Anecdotal evidence has long suggested a problem in Vietnam, where many kindergardens now appear to have more boys than girls.

Men in Vietnam have traditionally carried on the family lineage, inherited homes and land, and cared for elderly parents as well as overseeing funerals and ancestor worship rituals.

One Hanoi woman, Tran Hanh Linh, 30, says she remembers what her mother-in-law said when she moved into her husband's family home.

"She told anyone visiting our family that if I delivered a baby boy, she would treat me like a queen," said Linh. "I wondered what would happen if my child was a girl. Would she kick me out?"

Linh got lucky, saving the family peace by having a boy two years ago.

But another woman, 33-year-old Thao, was devastated after recently finding out that, having already borne one daughter, she would now have female twins.

"My parents-in-law are from a very conservative generation," she said. "I must say I suffered a lot of pressure, from them and even from my husband. He was obsessed with having a son, maybe to prove his manliness.

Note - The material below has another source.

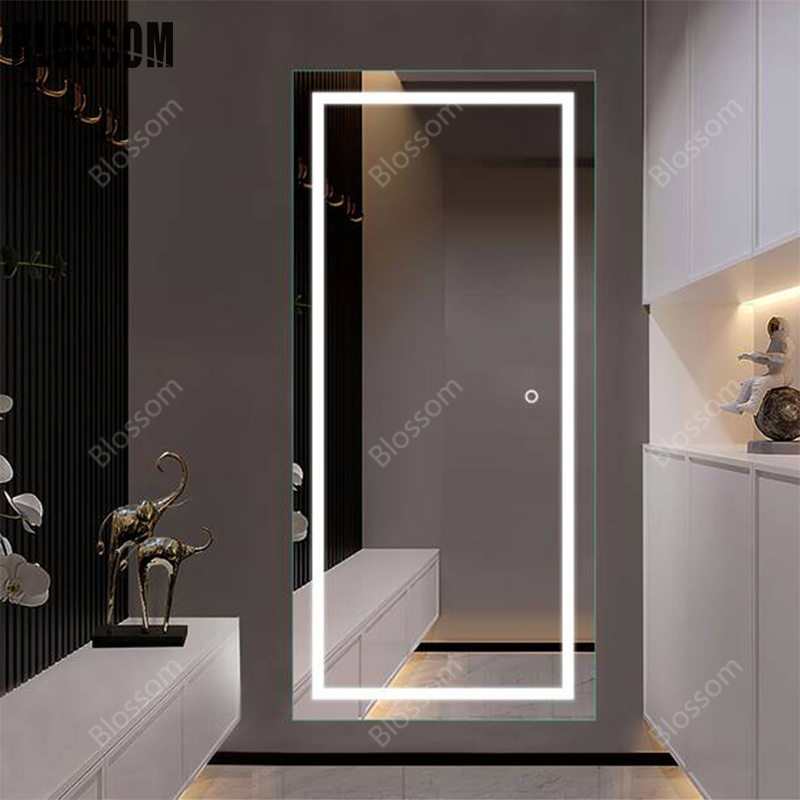 Modern LED - Framed Full - Length Mirror for Elegant Entryways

"My parents-in-law want us to have a boy because they are really afraid that after they die, no one will maintain the family bloodline and no one will pray for them on their death anniversaries."

Thao, who did not give her full name, said she earlier had an abortion after a doctor and two fortune-tellers told her she would have a girl. She went ahead with the latest pregnancy after being told she would have twin boys.

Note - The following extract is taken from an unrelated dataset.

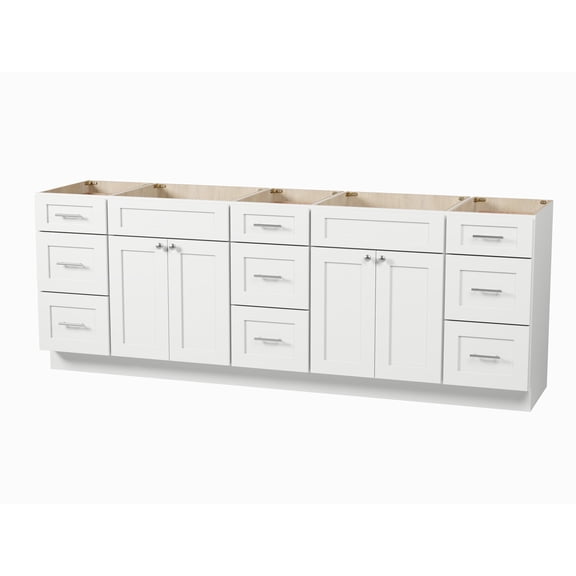 Disar 93" Double Bathroom Vanity Base Only in White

"We were really happy then," she recalled. "But two months later, when the doctors could observe the babies better, they said I would have twin girls instead. We were really sad. My husband was in shock."

Daniele Belanger, a Canadian expert who studies the trend in Vietnam, said: "Women suffer a great deal from the clash between the high demand for sons and the low demand for children.

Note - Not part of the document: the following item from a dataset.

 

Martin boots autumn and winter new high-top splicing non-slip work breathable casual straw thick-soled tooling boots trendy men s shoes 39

"Sex selective abortion has the power to free them from such contradictory internal desires and external pressures," Belanger, Canada research chair and director of the Population Studies Centre at the University of Western Ontario, wrote in a recent research paper.

But, while empowering women in the short term, she warned, sex-selective abortions would most likely "further threaten their position in the long term".

"Once this imbalance reaches marriageable age groups, a shortage of women poses serious problems, particularly in societies where marriage is a nearly universal norm," she wrote.

A similar "marriage squeeze" has hit one-child China. In South Korea and Taiwan it has been a factor driving bachelors to seek wives in other countries, including Vietnam, through illegal but ubiquitous marriage brokers.

A recent poll by the Korea Institute for Health and Social Affairs showed the preference is on the decline in South Korea, with only 10.2 percent feeling they must give birth to a son. The decline was attributed in part to higher education levels.

The UN report warned that "Vietnam needs to act now if it is to avoid the situation of more men than women evident elsewhere in Asia".